= What you will do =
The data below is to be written out exactly, with no pictures.

= Information shown =

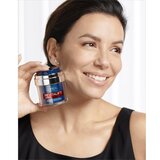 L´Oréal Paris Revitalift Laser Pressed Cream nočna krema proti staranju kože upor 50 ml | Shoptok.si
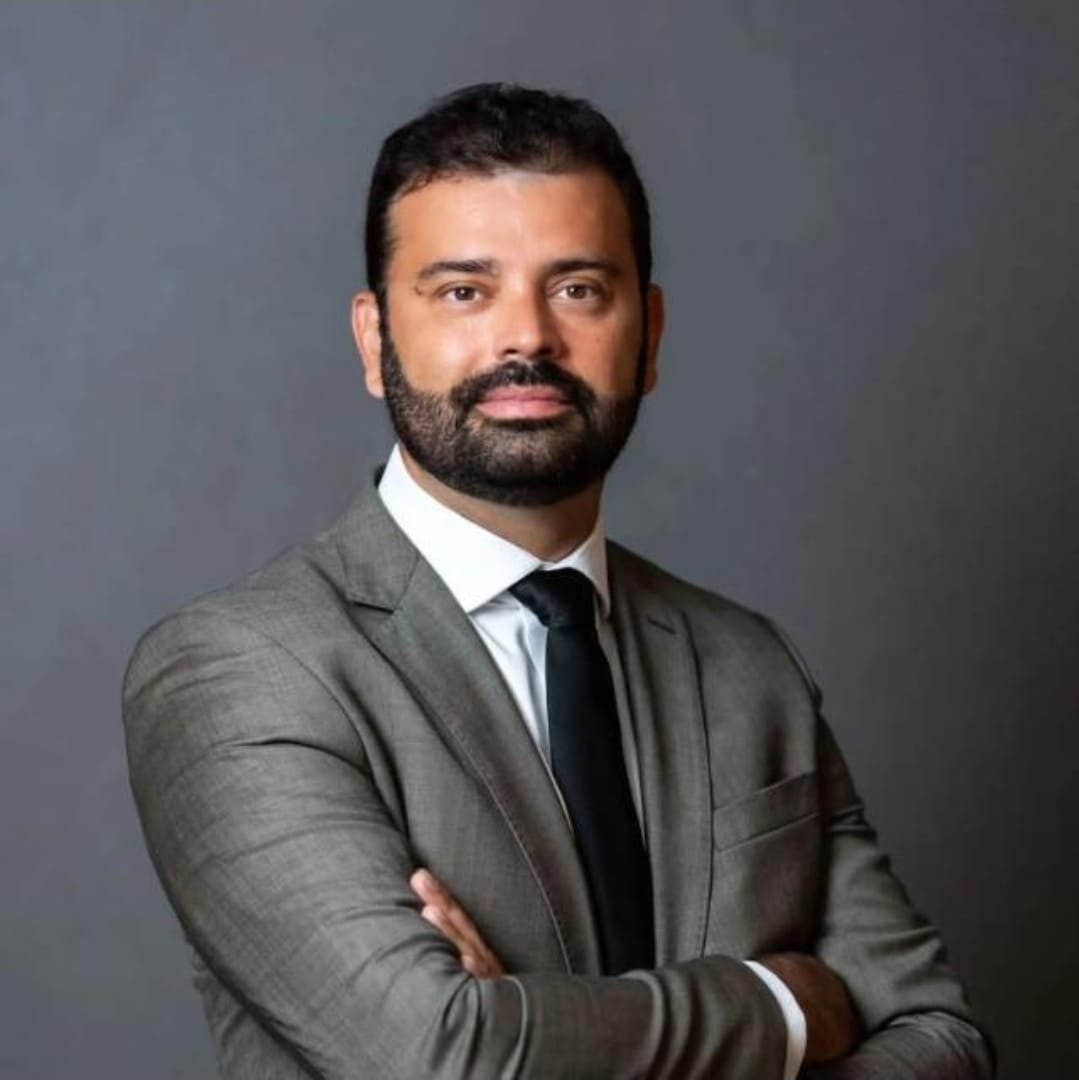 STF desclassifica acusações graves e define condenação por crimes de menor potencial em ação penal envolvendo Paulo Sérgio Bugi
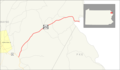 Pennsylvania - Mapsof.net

= Response for this exercise =
 L´Oréal Paris Revitalift Laser Pressed Cream nočna krema proti staranju kože upor 50 ml | Shoptok.si
 STF desclassifica acusações graves e define condenação por crimes de menor potencial em ação penal envolvendo Paulo Sérgio Bugi
 Pennsylvania - Mapsof.net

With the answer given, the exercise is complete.